Home > ESX, Flex-10, HP, VMware > Flex-10 ESX design with simplicity and scalability: Part 2

Flex-10 ESX design with simplicity and scalability: Part 2

February 17th, 2011

This post continues from Part 1 where the Flex-10 configuration was done.

ESX Networking

So now we have all the Flex-10 networking configured, its time to see how this works in ESX.

All VLANs are now being passed down all the uplinks, through the Flex-10 switches and onto the vm_trunk_1a and vm_trunk_2a Ethernet Networks.

What we need to do now is install ESX or ESXi and get them connected to the networks.

You would have defined a particular VLAN which you will be using for your physical host IP addressing.

A good idea is to plan out your IP addresses scheme for Service Console/Management Network, VMKernel and vMotion to have IP addresses that are consistent. This also allows some clever scripting possibilities.

For vMotion, as the traffic will only be internal to a rack you can use an internal only IP address range like 192.168.x.x which keeps it separate from the rest of your traffic.

If you have a /24 subnet and you will have less than 100 hosts then you could do something like this:

ESX Host NameService Console IPvmkernel IPvMotion IP
esxhost0110.1.100.110.1.100.101192.168.0.1
esxhost0210.1.100.210.1.100.102192.168.0.2
esxhost0310.1.100.310.1.100.103192.168.0.3
esxhost0410.1.100.410.1.100.104192.168.0.4
............
esxhost9910.1.100.9910.1.100.199192.168.0.99

If you have many more hosts you could have /23 subnets or even different vlans for Service Console and vmkernel. Just think ahead so you have options when you need many more hosts.

Install ESX(i) and select vmnic0 in the list and put the Service Console/Management Network on this VLAN.

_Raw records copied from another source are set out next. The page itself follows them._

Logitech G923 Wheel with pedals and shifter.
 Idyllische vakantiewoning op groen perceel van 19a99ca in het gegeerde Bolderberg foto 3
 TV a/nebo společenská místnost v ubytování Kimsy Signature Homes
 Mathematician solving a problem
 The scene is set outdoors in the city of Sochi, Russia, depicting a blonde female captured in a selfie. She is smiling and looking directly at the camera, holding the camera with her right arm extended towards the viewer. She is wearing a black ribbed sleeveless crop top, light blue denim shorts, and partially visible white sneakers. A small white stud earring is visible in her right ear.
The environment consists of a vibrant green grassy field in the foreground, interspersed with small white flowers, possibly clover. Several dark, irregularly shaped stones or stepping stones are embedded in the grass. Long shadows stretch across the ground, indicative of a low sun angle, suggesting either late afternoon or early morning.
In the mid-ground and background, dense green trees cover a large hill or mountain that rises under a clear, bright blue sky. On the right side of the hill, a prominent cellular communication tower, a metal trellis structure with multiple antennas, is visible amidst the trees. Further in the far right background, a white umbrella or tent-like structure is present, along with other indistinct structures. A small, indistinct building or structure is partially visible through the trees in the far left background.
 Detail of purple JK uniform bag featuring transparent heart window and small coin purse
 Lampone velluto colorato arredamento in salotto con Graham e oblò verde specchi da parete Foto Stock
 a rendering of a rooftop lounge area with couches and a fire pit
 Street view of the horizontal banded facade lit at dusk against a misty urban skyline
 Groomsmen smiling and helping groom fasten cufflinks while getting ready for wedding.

Add the ESX(i) host into vCenter or connect directly.

The default networking for ESX will look like this:

Remove any VM networks that may have been created as part of the build.

vmnic0 is connected to the vm_trunk_1a Ethernet Network

Then add vmnic1 into vSwitch0 as this is the Nic connected to the vm_trunk_2a Ethernet Network.

Select Properties for vSwitch0 and select the Network Adapters Tab.

Click Add and select vmnic1 and click Next.

Accept the default Policy Failover Order and click Finish to add vmnic1

It’s a good idea to increase the Port Number for vSwitch0 so you can support more VMs.

Select vSwitch0 properties and select the General Tab and change Number of Ports to 120 which should be enough VMs to run on a BL460/BL490

Then you need to enable Beacon Probing on vSwitch0.

Beacon Probing is an extra level of protection to allow network failover. Beacon probing polls the default gateway of all uplinks to determine which links are available. Smart Link is the HP technology that fails Flex-Nics when uplinks are down but unfortunately firmware and driver incompatibilities sometimes mean this functionality doesn’t work so enabling Beacon Probing allows for failover even when Smart Link doesn’t work and gives you that extra level of protection.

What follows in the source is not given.